The gist of the situation is that the work my PhD advisor and I have published contradicts an others in the field. This has led to rather acrimonious comments on both sides and even several published letters in journals criticizing each others work. Unfortunately, my theory friend has come up with an answer that agrees near exactly what my competitors reported. He has already started writing the paper and needs me to write several experimentalish paragraphs for the paper.

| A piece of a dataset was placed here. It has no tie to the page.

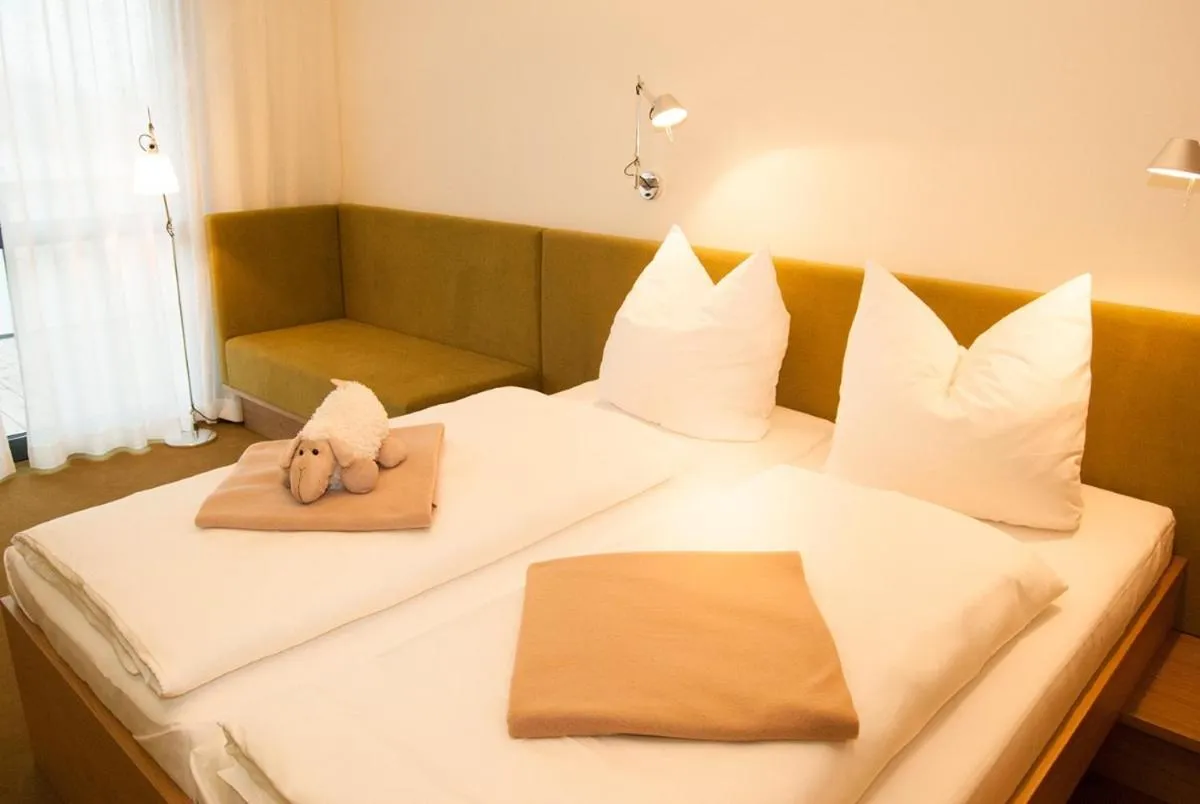 Bedroom, Bed in TraumHaus im Elsterpark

The problem is I didn’t approach my old PI about this collaboration and I will be effectively putting my name with our competitors when this gets published. This would also render a significant portion of my PhD thesis meaningless, although I’ve already graduated and have my doctorate. I am still planning to collaborate with my old PI but I don’t know how eager she will be when this paper comes out. I could ask to take my name off the author list, but since I was the one who approached my friend this seems dubious, plus if his calculations had agreed with my experiment I wouldn’t be thinking of taking my name off.

I’m not sure what to do.

~confused postdoc in America

My own advice would be to take your name off the author list. It sounds like your friend will likely submit the paper regardless of whether your name is on it or not as it addresses a significant controversy. I doubt you know all the ins and outs of the theory he is using to write the paper, and that in and of itself should prelude you from being on the author list.

Since you would of placed your name on the paper if it had agreed with your results, I don’t know…

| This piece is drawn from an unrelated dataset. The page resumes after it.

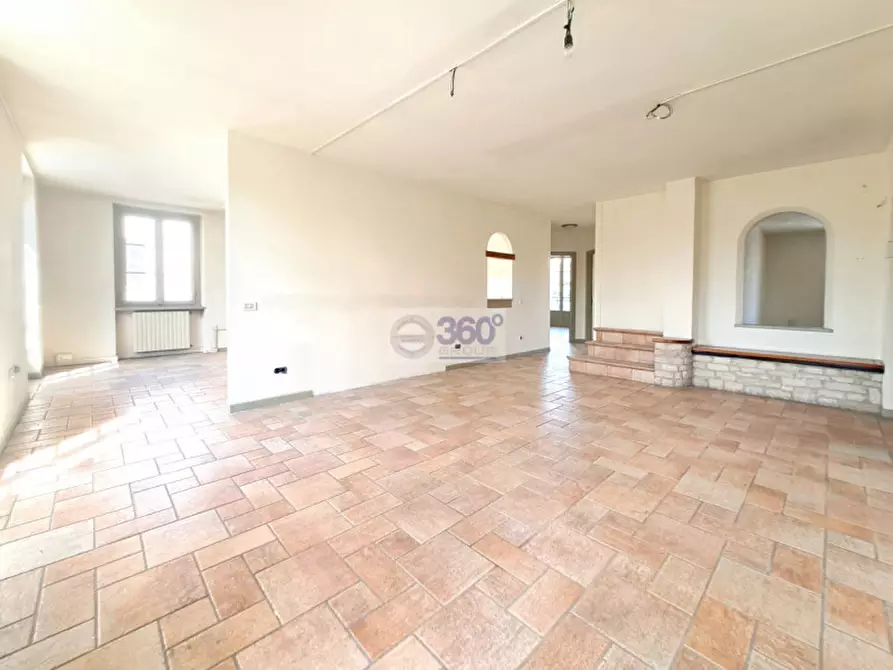 Immagine 5 di Appartamento in vendita  in Piazza Europa a Passirano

If anyone in the audience can offer advice, I’m sure it would be appreciated.

Mitch


Posted on : Jan 14 2008
Posted under ethics |

4 People have left comments on this post

Jan 14, 2008 - 03:01:56
sam said:

How about asking the previous PI what she thinks. Maybe she won’t be thrilled about having her previous student’s name on a contrary result. But if Confused is confident about the theory results, there’s no reason to take his/her name off the paper.

In fact, leave you name on the paper, and add paragraphs that point out the flaws in the calculation (if any) that might lead to the contrary result.

Jan 14, 2008 - 04:01:53
lemonoman said:

My question is, why didn’t people go to a theorist earlier? Kudos to “Confused” for actually thinking of doing it :P

That’s not an opinion, but I really don’t know what you should do. lol.

Jan 15, 2008 - 02:01:48

Is there any reason why competitors and co-authors couldn’t have a get-together to discuss the various issues over a couple of beers?

db

Jan 31, 2008 - 10:01:12
Martin said:

Talk to your old PI. Explain that there may well be an explaination to the whole problem, and this theoretical result may well shed some light on the subject. Ask her what she thinks.

Seriously, TALKING about things often helps. Heck, it may even help the paper… if she can poke a hole in it before it’s published.